The headline number is the composite score in kcal/mol, the classical physics score of the best pose. A more negative composite score means a better fitting pose. Next to it is the covalent distance in Angstroms (final_distance), the length of the bond that formed. A bond is considered formed when this distance is around 2.0 Angstroms or less, so this number confirms the warhead actually reached the target atom.

Below the headline numbers is a ranked table of the top poses. Each row has a rank (numbered from 0), a pose label, and that pose’s composite score in kcal/mol (top_k_composite_kcal_mol). The poses are also drawn as a bar chart of composite score per pose. You can sort the table, colour it by score, and export it to CSV. The downloaded result contains the docked structures as pose_0.pdb, pose_1.pdb, and so on.

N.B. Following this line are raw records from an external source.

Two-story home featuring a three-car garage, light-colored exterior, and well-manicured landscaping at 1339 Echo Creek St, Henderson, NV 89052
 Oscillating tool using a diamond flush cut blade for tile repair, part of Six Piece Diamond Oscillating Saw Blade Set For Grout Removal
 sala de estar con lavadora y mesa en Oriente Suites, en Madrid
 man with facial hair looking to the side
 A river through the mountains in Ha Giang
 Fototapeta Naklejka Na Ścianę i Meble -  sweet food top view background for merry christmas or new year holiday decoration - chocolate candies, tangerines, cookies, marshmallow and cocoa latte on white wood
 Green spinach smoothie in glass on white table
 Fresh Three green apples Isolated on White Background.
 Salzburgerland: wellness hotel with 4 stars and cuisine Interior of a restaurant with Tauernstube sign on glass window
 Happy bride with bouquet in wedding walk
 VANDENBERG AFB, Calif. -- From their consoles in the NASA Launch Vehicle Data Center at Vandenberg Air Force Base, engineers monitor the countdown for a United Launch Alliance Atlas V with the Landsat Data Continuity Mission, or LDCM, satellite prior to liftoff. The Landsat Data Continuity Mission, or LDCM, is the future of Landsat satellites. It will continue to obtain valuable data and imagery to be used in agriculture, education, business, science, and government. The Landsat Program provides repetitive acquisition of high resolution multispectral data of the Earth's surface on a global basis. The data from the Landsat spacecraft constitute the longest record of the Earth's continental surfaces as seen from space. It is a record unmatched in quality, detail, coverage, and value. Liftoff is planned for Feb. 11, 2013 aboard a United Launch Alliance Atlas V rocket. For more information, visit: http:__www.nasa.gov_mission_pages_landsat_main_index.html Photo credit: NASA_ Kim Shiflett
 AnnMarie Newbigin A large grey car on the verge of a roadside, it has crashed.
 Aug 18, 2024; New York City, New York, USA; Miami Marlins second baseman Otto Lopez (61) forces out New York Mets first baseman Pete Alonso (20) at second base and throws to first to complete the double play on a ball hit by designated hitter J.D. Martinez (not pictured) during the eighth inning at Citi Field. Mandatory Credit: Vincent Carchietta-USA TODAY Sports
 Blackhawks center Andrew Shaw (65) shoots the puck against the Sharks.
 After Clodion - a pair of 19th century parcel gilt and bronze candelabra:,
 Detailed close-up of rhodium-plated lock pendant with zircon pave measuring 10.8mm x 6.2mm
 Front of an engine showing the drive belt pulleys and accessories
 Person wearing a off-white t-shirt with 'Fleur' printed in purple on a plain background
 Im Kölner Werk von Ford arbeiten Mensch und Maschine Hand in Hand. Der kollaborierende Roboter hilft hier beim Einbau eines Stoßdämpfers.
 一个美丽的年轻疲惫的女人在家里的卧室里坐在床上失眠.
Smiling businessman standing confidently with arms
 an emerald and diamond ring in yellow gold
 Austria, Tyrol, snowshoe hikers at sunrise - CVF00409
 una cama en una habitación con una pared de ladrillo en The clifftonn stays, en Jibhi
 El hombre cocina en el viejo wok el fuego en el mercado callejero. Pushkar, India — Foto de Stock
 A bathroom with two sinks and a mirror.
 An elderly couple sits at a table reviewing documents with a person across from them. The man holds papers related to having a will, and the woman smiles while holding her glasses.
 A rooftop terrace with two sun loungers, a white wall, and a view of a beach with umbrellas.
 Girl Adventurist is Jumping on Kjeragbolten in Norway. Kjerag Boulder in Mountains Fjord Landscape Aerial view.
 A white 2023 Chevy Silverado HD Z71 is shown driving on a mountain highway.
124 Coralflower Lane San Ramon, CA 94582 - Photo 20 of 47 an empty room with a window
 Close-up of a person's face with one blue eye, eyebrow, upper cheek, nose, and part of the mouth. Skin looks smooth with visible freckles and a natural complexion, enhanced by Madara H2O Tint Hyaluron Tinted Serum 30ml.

When the job also runs the OPAL machine learning rescore step, the result instead carries a poses list, where each pose has a dg_kcal_mol value and a pose label, and a headline best_dg_kcal_mol. This is the same machine learning binding energy described in OPAL ML Score.

Notes

Make sure the SMILES really contains a reactive warhead, otherwise the molecule has nothing to bond with. Pick the target residue carefully: the residue name, its sequence number, and the chain all have to match your structure. For flexible molecules, raise n_conformers so more shapes are tried. Keep any structural cofactors, such as a zinc ion, with keep_cofactors so the active site keeps its real shape.